# Task requirements
All that is wanted is the exact text of the lines below from the one with "BROOKSIDE - Residential" through the one with "#renday #刃日 #刃サン https://t.co/pAQ7lhknyT", inclusive, minus any pictures.

# Task material
--- START ---

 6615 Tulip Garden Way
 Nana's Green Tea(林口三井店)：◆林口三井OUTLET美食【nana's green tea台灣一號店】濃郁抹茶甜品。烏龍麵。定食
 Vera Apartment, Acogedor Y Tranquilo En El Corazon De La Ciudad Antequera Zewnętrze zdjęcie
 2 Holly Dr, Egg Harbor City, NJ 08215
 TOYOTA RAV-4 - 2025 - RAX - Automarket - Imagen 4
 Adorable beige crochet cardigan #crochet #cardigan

--- END ---
--- START ---

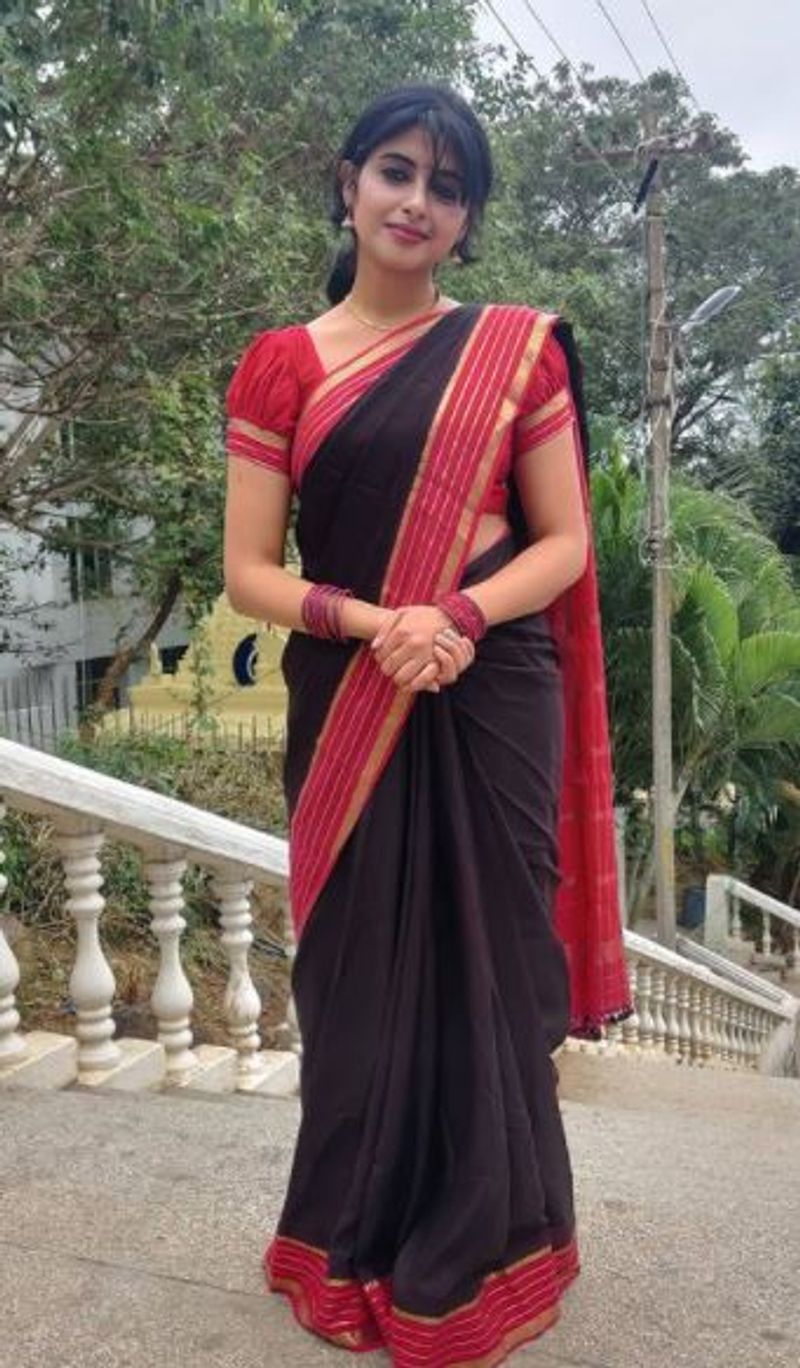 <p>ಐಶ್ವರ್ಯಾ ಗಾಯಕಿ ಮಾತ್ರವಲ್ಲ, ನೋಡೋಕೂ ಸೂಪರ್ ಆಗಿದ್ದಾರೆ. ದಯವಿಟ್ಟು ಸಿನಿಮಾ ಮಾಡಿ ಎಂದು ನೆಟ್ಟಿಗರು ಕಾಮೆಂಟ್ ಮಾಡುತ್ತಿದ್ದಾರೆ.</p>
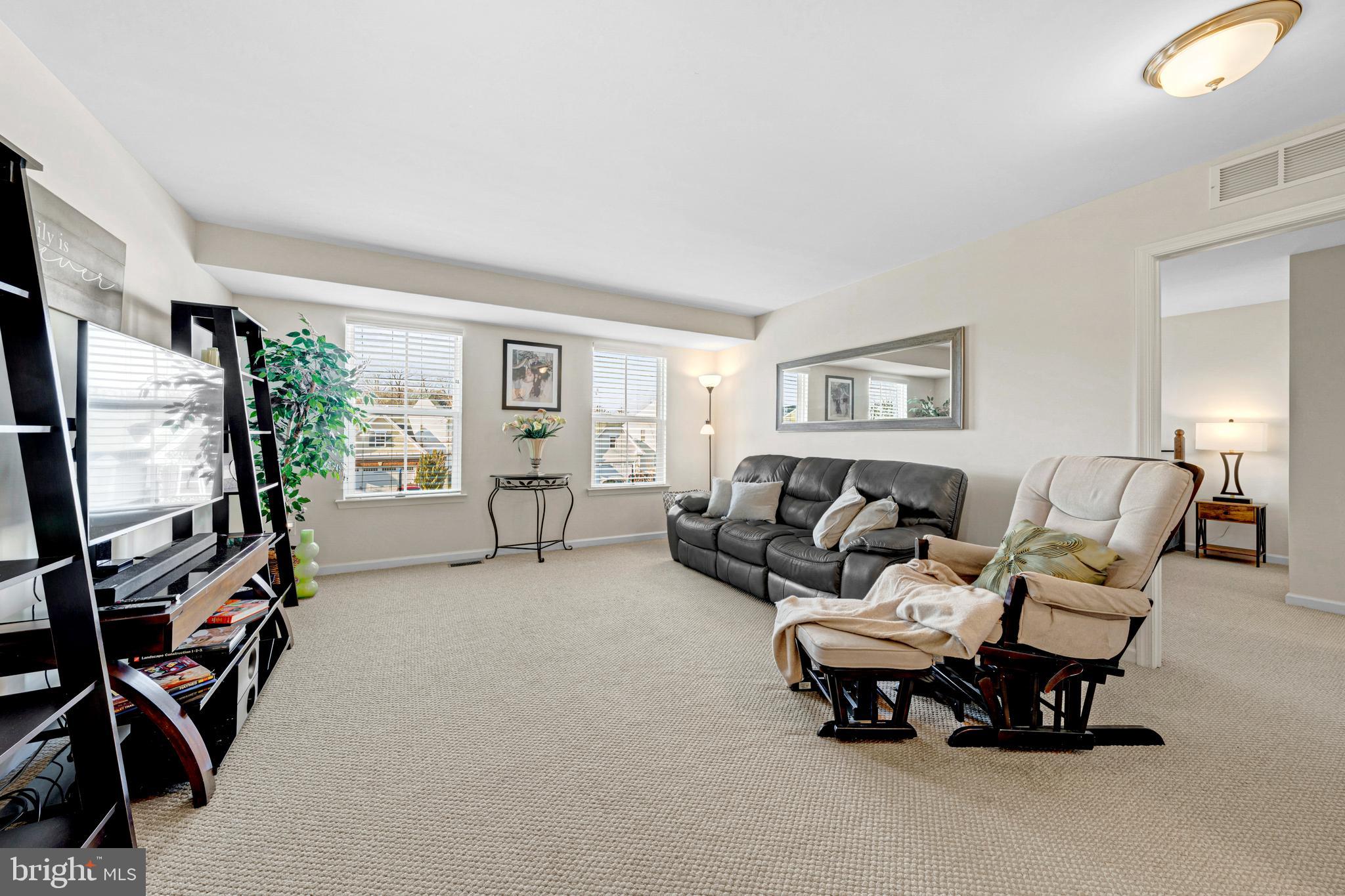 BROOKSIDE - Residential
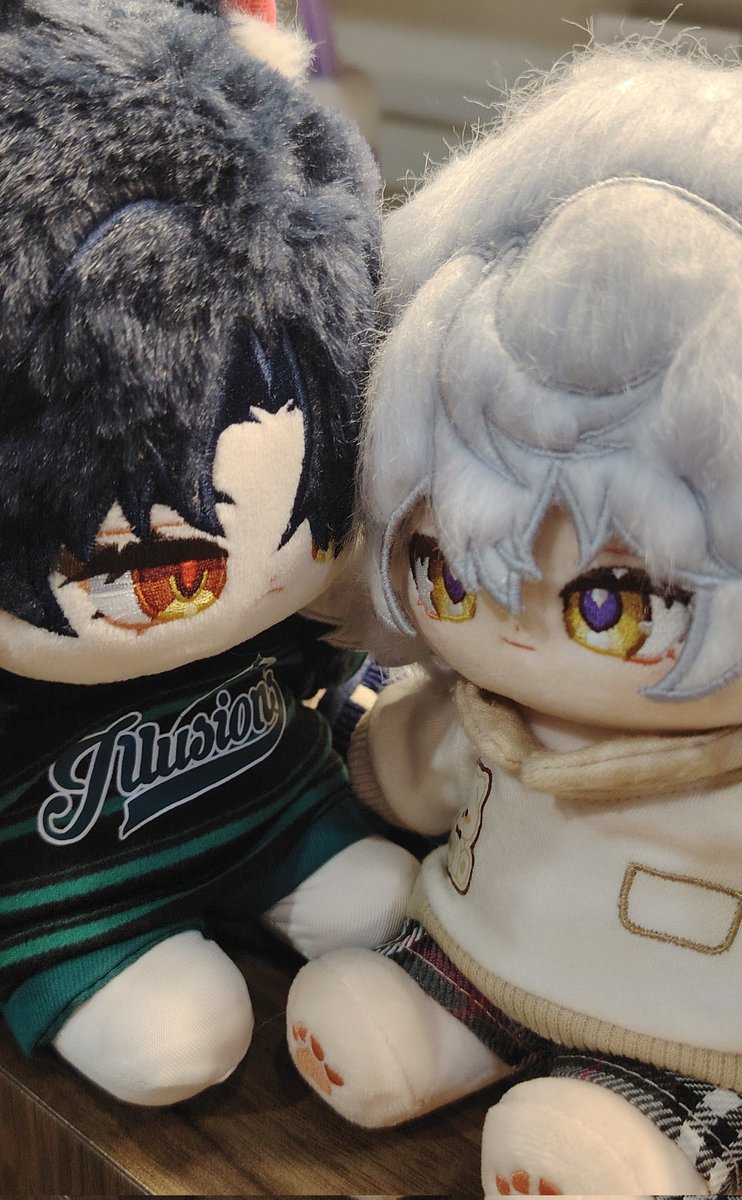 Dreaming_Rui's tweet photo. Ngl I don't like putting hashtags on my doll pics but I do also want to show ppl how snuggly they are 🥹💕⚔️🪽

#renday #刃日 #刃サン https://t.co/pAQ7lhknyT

--- END ---
--- START ---

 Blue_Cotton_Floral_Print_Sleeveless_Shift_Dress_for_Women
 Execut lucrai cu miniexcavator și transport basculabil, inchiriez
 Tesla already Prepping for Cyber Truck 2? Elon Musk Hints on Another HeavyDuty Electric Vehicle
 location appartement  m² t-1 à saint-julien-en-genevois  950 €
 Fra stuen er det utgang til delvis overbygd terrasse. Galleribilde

--- END ---

# Completed exercise
 BROOKSIDE - Residential
 Dreaming_Rui's tweet photo. Ngl I don't like putting hashtags on my doll pics but I do also want to show ppl how snuggly they are 🥹💕⚔️🪽

#renday #刃日 #刃サン https://t.co/pAQ7lhknyT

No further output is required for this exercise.